‘Get me outta here.’
“Mark! I’m so glad you made it.” Dora gave him a hug while back-kicking the door. She stood back, took him by the shoulders and gave him a little shake. “I was afraid you wouldn’t.”
“Well I did, Aunt Dora. Surprised us all.”
She masked a smile with her signature frown and gave him an affectionate punch on the arm.
“Come on. Have a drink. There are people here, you need to see.”
Mark thought, ‘They say funerals are for the living. Who are receptions for? At least no one talks at funerals.’ He looked for familiar faces. Not many.
Dora led him into the living room where his deceased father’s relatives and friends, the survivors had gathered. She made a general introduction. Mark recognized a few.
The ceiling fan spun lazily to no discernable effect. People nodded as he scanned the room.
A man about his own height and resembling his father, stood and approached with his hand out. Mark shook it firmly.
“My favorite nephew! I’m sorry for your loss.”
“Like wise. How many years…?”
“Twenty-two by my reckoning. You were just a kid when I last saw you.”
“Wow! That long?”
A pair of card tables with cloth covers stood in front of the fireplace. Paper plates and snacks were laid out. A cooler sat to one side.
“Preference?” Bill moved to make Mark a drink. He scooped ice into a plastic glass.
“Whatever, I guess.”
“Serious occasions require serious drinks.” Bill produced a flask and poured a couple of finger’s worth of bourbon into the ice. He offered it to Mark.
The ice rattled as he sipped. He smiled and nodded to his uncle. “Thanks!”
Bill nodded at a couple of open seats and they claimed them. Just as they were settling, a Beagle came from nowhere and jumped up on Mark. He recoiled and almost spilled his drink.
“Oh! He likes you!” cried Dora from across the room. “Come on Snuffles!” The dog persisted. Mark tried to ward him off with his knee. “Leave him, Snuff! He doesn’t like kisses.”
The dog whimpered and moved to Dora.
She continued, “It’s okay, baby. I love you even if Mark doesn’t.”
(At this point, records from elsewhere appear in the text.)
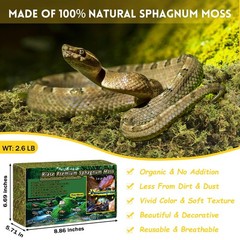 2.6LB Sphagnum Moss for Reptiles, 100QT Natural Live Moss Terrarium Bedding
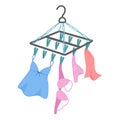 Clip Hanger Drying Rack for Underwear and Lingerie Royalty Free Stock Photo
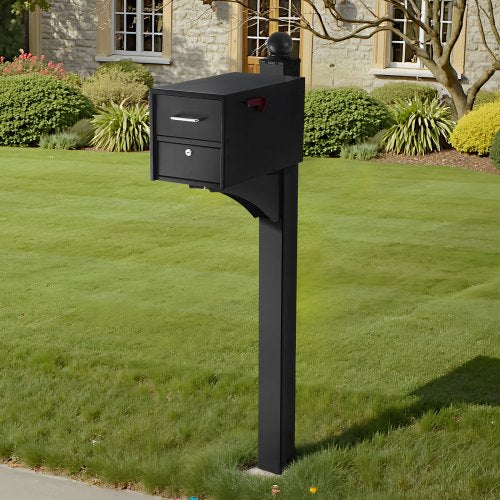 Mailbox Post 56 x 4 x 4 Inches Aluminum InGround Mounting Mail Box Stand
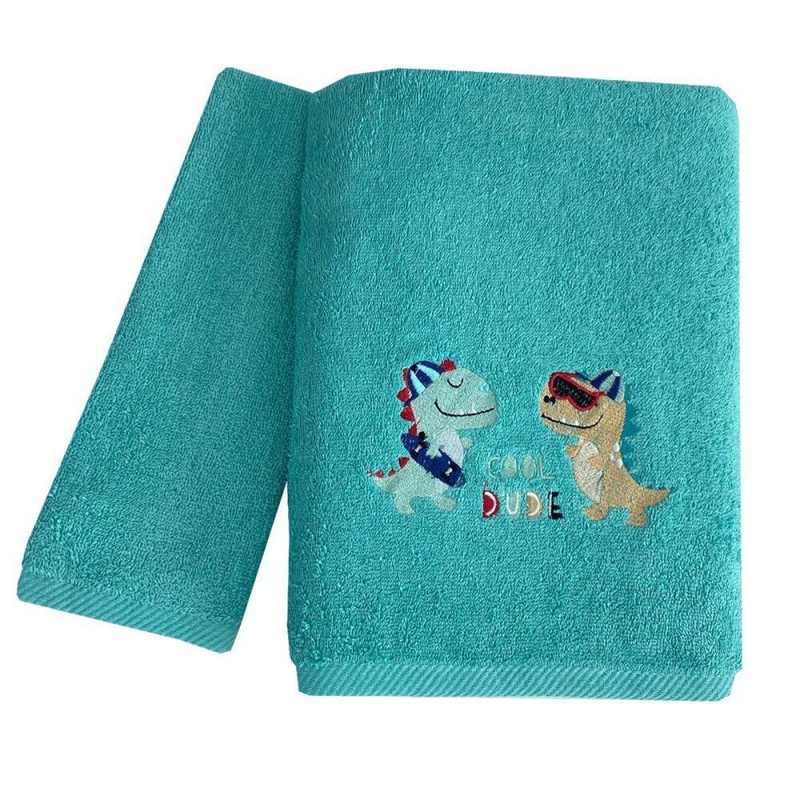 Σετ παιδικές πετσέτες Cool dino 100% βαμβάκι πεννιε 480gsm Σετ παιδικές πετσέτες Cool dino 100% βαμβάκι πεννιε 480gsm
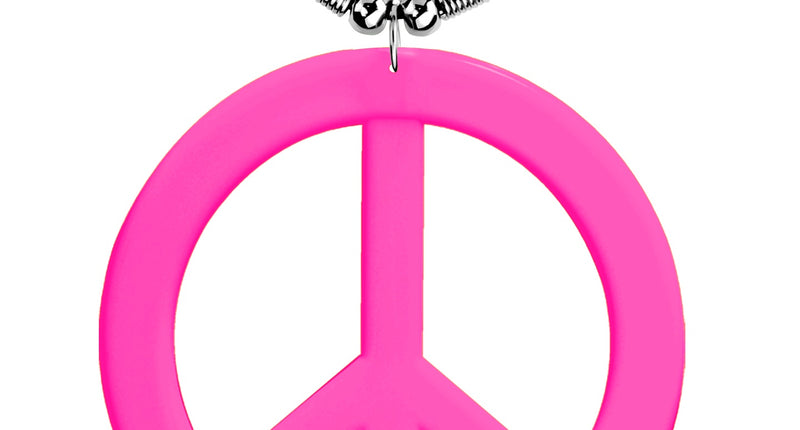 e-carnavalskleding-SYK Neon Hippie Ketting Rosa Roze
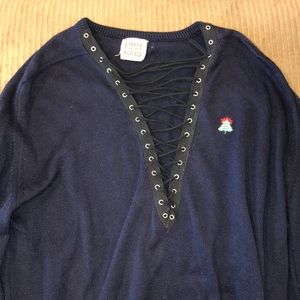 navy LF sweater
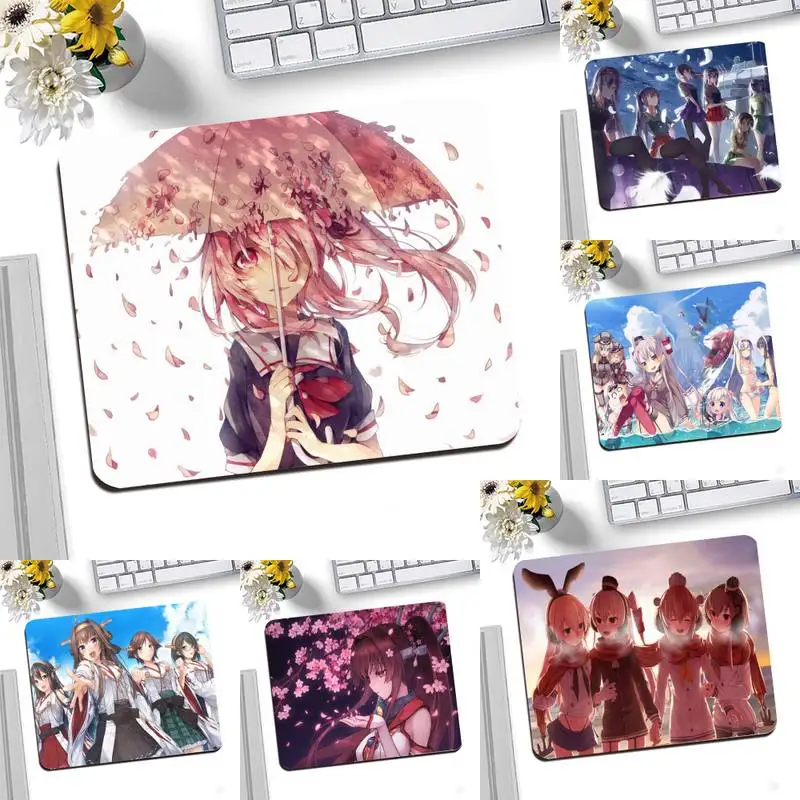 

Kantai Collection Locking Edge Mouse Pad Game Desktop Mousepad Gaming Small Mouse Pad 25X20CM Keyboard Mat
He sensed eyes watched him. “Sorry. I’m not in the mood.”
Dora said, “Poor Snuffles…” She touched her nose to the dog’s. “You didn’t know he hates doggies.”
To no one in particular, Mark announced, “I don’t hate dogs.” He let it drop. He knew no one believed him.
Bill leaned in, “Here’s to your father, Mark. I know you two didn’t always see eye to eye. But he was a good man.”
Mark sipped. “I know. We didn’t talk. But I know. He was.”
Bill looked at Snuffles. “I remember when you got… Sparky?”
“One handsome Dalmatian, that dog.”
Mark looked at the floor. “Sparky…”
“You had a birthday party. I dabbled in magic, so I arranged a show for you and your friends.”
“So, that was you? I always thought... But I never knew.”
“None other.” Bill smiled at the memory. “I shanghaied you. You were my assistant.”
“You gave me a funny hat to wear.”
Bill laughed. “Right! Kind of a floppy, shiny sack.”
“Said you needed a Swami.” They laughed.
“Swami! Right! And you couldn’t stop giggling. You were hilarious.”
“You were! You kept making all these corny jokes while doing these amazing tricks…”
“We had fun. When I conjured that puppy out from behind the handkerchief… Your look was priceless!”
“It was too much. When it sunk in I had a dog, I lost it.”
“You loved him so much.”
“I couldn’t stop bawling. My friends made fun of me. But it meant so much.”
“I’m glad I could help make that memory for you.”
Mark’s voice got husky. “Then Dad made him disappear.” He looked down.
Bill looked off. Snuffles had curled up at Dora’s feet. “I couldn’t believe it, Mark, when I heard…”
He looked over but Mark had left. Dora pointed to the kitchen. Bill stood and followed.
The kitchen had uneaten casseroles and other foodstuffs. But no Mark. He looked down the hall. Maybe the bathroom?
He peered out the back window. Mark stood at the far side of the deck looking into the trees. His drink sat on the railing.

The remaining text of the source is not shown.